Cependant, les efforts ne sont pas seulement dans le « faire », mais également dans le « non faire » : cela fait des années que l’usage restreint et légitime que nous déléguons aux forces de police pour appréhender (et non pour suspecter ou anticiper) est usurpée et mise au service d’une violence raciste et discriminante, reportée parfois par la presse sous le doux euphémisme « d’intervention musclée ». L’architecture des commissariats de la banlieue Nord de Paris sont éloquents dans le rapport que la police entretient avec les populations qu’elle est censée protéger. Villiers-le-bel, Pierrefitte, Garges-lès-gonesse, Aubervilliers, la Courneuve, la Plaine Saint Denis, Bobigny, Noisy-le-Sec, autant de municipalités dont le commissariat, chacun à sa manière, cache mal derrière une architecture plus ou moins soignée sa vocation souhaitée à devenir un petit fortin dans un scénario de guerre civile à laquelle se préparent déjà les forces de police puisque celles-ci ne savent que trop bien leur responsabilité dans ce scénario. Que feraient les habitant-e-s des centres-ville français si la première chose qu’ils/elles devaient craindre au quotidien était les forces de police elles-mêmes ? Ceux/celles-ci sont peut-être en passe de le découvrir au vu de l’omniprésence policière et militaire que permet l’état d’urgence, celui de la sécurisation. Si ce dernier fonde notre société future — comment penser autrement lorsqu’on nous parle d’amendement à la constitution — la discrimination et sa violence étatique et policière seront les pierres angulaires de cette société et de ses formes urbaines.
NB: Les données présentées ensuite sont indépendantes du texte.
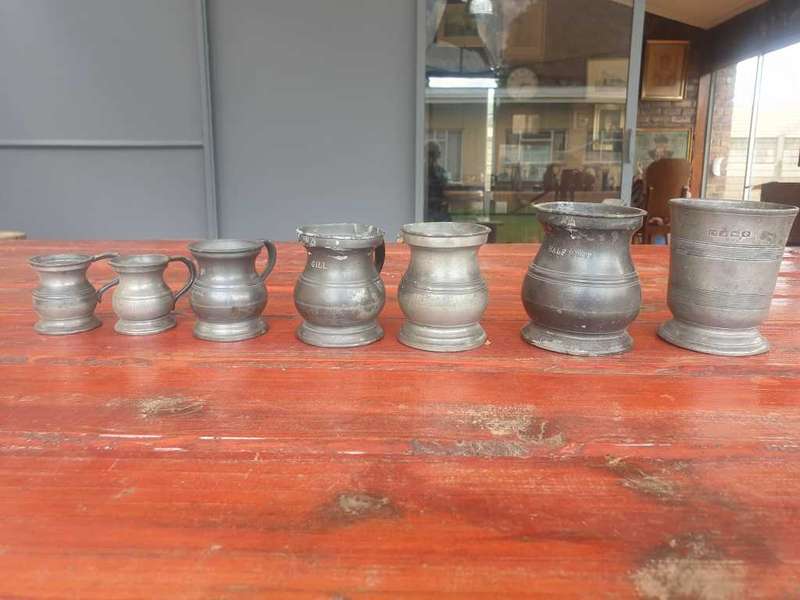 RARE VICTORIAN PEWTER GILL MEASURING CUP AND SPECIAL HALLMARKED CUP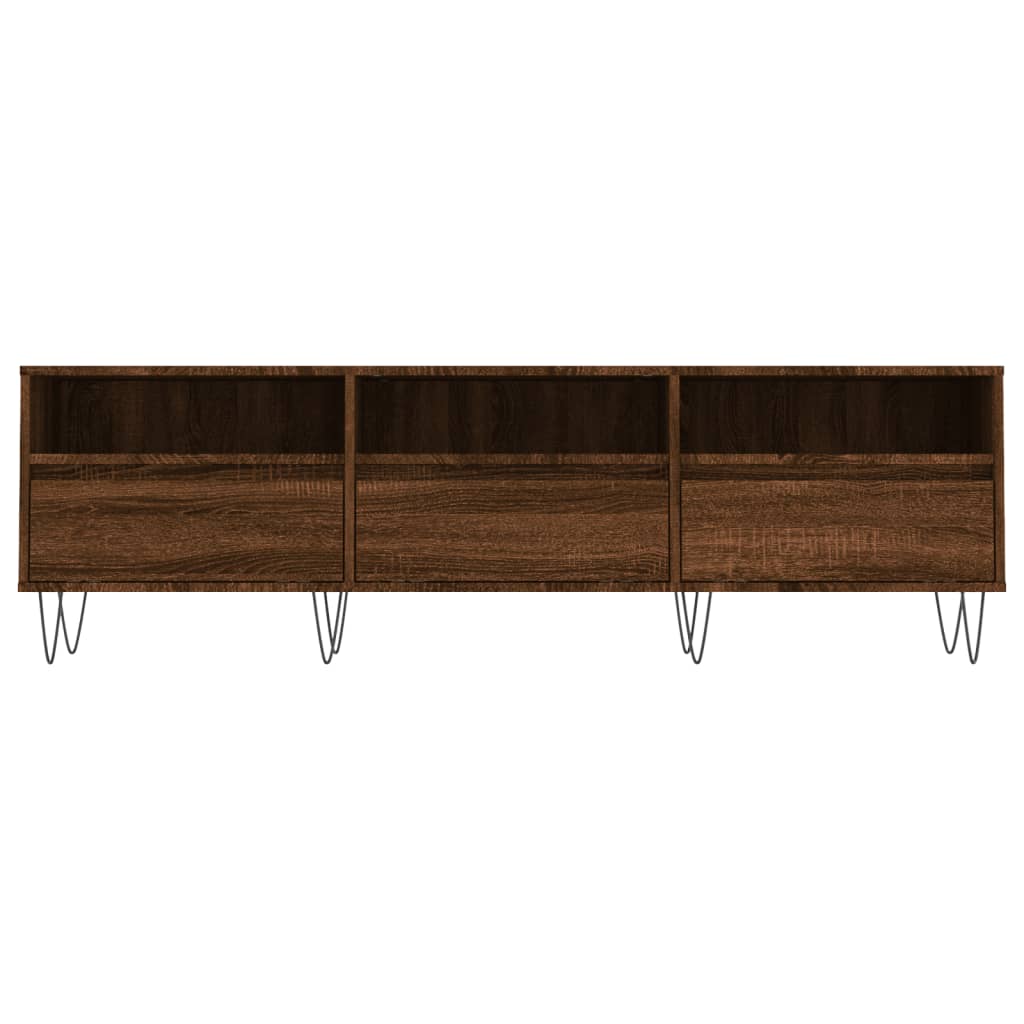 Meuble TV 150x30x44,5 cm ouvré en bois couleur chêne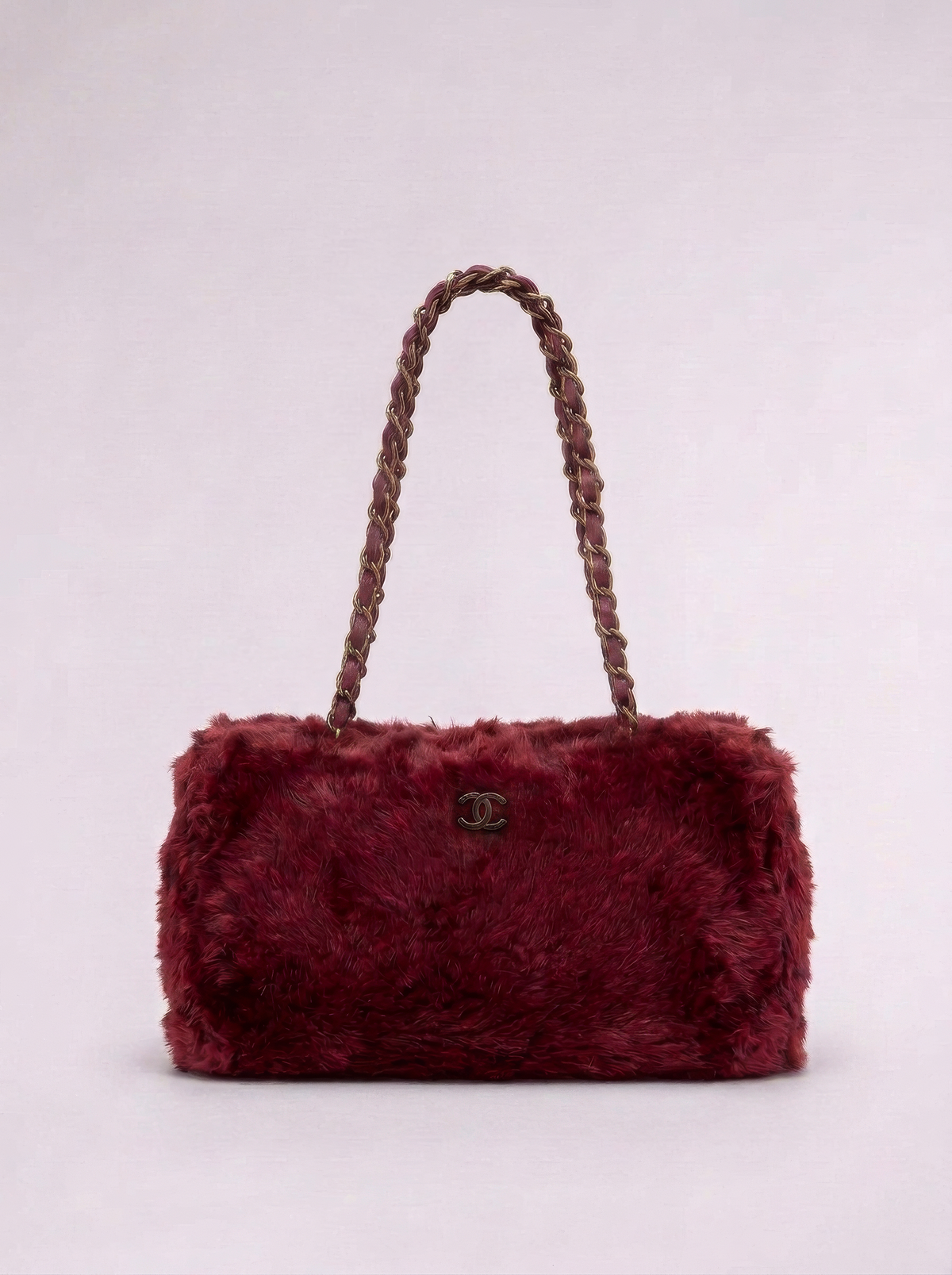 Chanel 2001 Red Lapin Fur Bag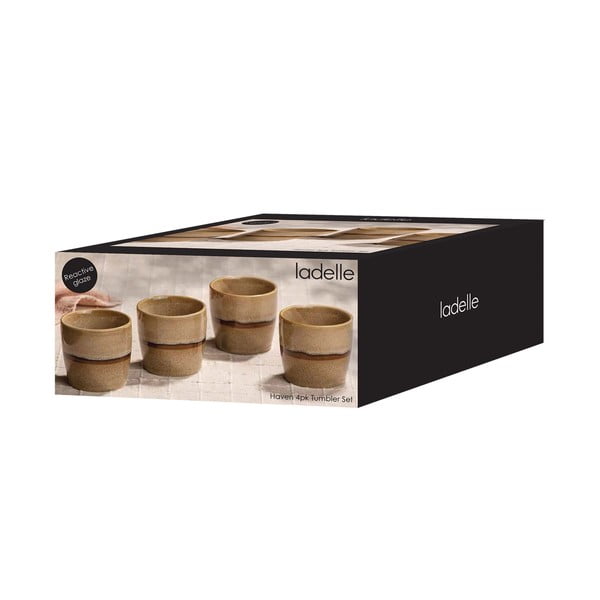 Iš porceliano  puodeliai šviesiai rudos spalvos 4 vnt. espreso 350 ml Haven – Ladelle-image-2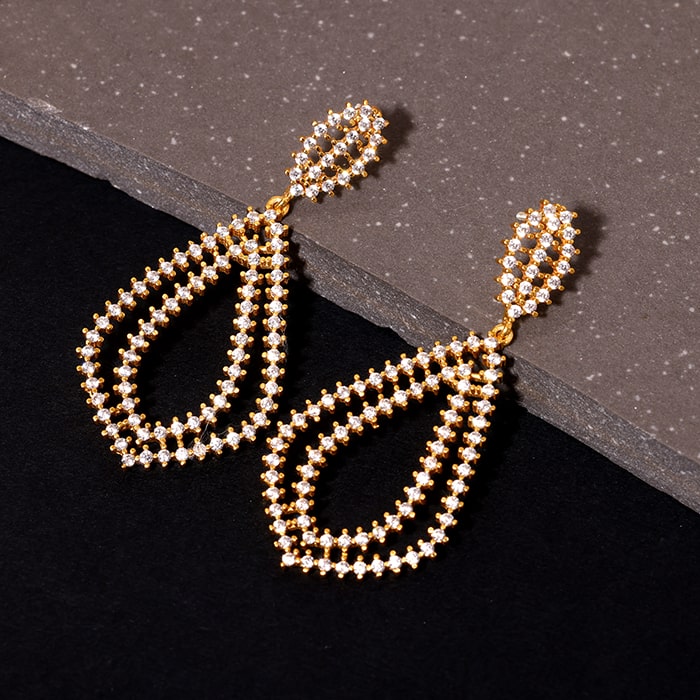 Golden Dangling Chandelier Earrings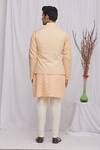 Shop_Ekam By Manish_Peach Semi Silk Moonga Floral Print Bundi And Kurta Set_at_Aza_Fashions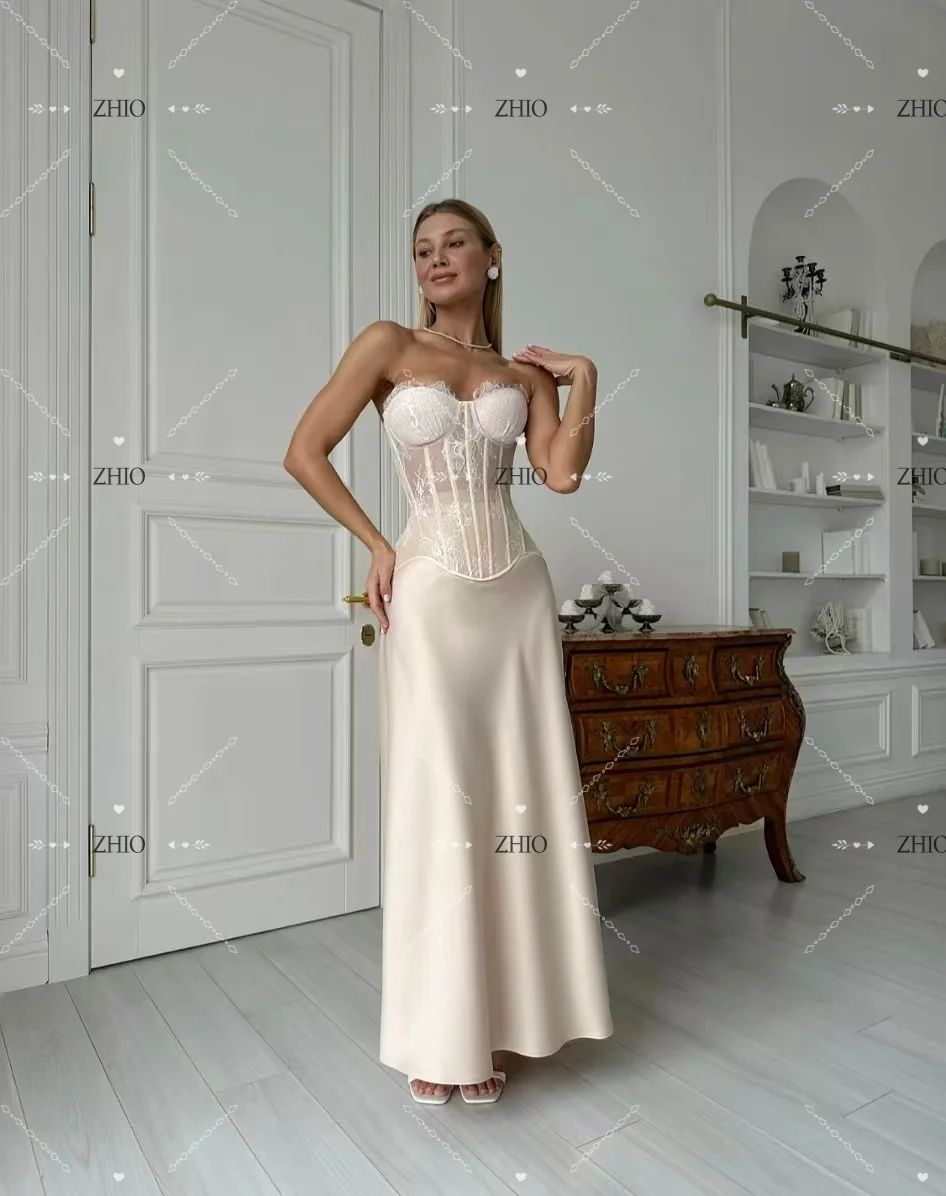 ZHIO فستان سهرة كلاسيكي من الدانتيل مشد على شكل قلب من الساتان على شكل حرف a امرأة أمريكية مناسبة رسمية فساتين الحفلات فستان حفلات مخصص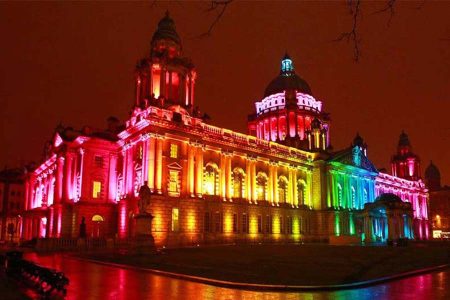 LGBTQ, Belfast City Hall in rainbow colours.
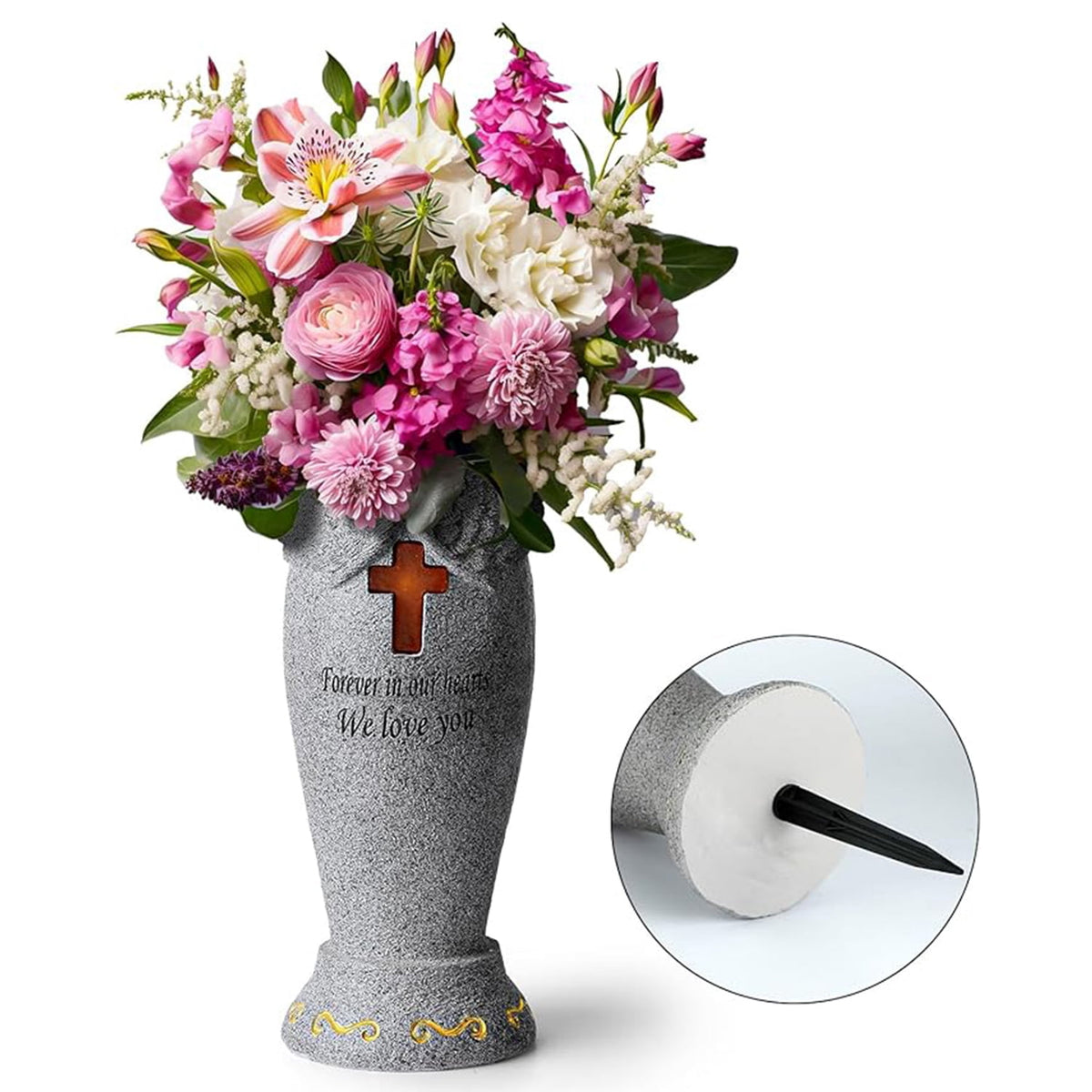 Haunt & Co Fridja Cemetery Grave Flower Vase with Cross Solar Light Cemetery Decorations for Grave, Angel Vases with Spikes Grave Markers Decor for Cemetery for Humans or Pet, Garden Memorial Gifts for Loved One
Nous sommes aujourd’hui devant un choix fondamental. Nous pouvons choisir d’assumer cette violence — pour beaucoup d’entre nous, cela consiste à ne rien faire et à attendre que les choses se fassent avec notre accord tacite — ou bien nous pouvons nous saisir d’une chose qui était commune au « nous » que ces attentats avaient créé bien malgré-eux pendant les quelques minutes de silence qui ont suivi ceux-ci : un « nous » hétérogène et multi-identitaire uni dans une stupéfaction et une émotion dont la sincérité fut trop vite corrompue par le bruit qui succéda à celles-ci. Nous avions alors l’opportunité d’un « nous » fondateur. Nous devons maintenant nous battre pour le reconstruire.